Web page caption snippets
☆ ☆ ☆ ☆

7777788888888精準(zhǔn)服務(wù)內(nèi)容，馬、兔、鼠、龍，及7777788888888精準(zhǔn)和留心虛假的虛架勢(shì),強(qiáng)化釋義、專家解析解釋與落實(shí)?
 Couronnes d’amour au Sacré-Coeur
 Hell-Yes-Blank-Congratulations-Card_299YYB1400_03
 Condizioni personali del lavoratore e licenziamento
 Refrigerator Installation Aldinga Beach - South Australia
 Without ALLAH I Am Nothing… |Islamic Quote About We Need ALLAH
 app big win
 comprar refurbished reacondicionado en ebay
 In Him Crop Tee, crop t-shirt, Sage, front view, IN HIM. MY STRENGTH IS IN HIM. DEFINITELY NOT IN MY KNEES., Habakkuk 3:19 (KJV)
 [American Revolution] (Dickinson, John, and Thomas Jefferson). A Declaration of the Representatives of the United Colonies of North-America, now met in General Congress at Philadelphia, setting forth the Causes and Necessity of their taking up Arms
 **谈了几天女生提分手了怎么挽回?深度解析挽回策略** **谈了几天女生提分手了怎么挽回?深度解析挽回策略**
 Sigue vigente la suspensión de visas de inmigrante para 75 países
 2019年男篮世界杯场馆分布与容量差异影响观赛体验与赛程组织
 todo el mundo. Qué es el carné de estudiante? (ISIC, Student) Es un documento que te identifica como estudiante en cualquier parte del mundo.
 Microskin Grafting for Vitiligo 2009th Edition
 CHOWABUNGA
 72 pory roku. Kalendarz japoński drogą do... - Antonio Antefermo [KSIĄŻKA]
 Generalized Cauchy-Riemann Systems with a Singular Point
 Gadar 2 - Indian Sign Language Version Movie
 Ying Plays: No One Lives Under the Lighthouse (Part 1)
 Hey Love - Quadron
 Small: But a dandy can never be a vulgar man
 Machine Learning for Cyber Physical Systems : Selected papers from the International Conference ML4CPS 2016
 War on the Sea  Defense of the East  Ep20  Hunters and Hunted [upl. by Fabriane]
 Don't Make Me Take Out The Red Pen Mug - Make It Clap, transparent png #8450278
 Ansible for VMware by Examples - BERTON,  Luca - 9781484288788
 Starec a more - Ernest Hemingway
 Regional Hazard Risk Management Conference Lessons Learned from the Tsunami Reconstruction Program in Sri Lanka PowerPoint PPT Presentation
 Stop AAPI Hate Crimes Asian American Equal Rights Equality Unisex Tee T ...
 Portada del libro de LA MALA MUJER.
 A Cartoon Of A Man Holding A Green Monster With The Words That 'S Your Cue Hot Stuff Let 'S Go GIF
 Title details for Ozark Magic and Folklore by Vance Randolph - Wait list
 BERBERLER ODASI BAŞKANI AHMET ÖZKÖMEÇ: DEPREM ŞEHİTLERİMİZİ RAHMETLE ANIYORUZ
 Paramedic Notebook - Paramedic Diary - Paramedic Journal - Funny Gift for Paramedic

☆ ☆ ☆ ☆

Copy all lines from the data above that contain the word "Systems".

Result for this task
 Generalized Cauchy-Riemann Systems with a Singular Point
 Machine Learning for Cyber Physical Systems : Selected papers from the International Conference ML4CPS 2016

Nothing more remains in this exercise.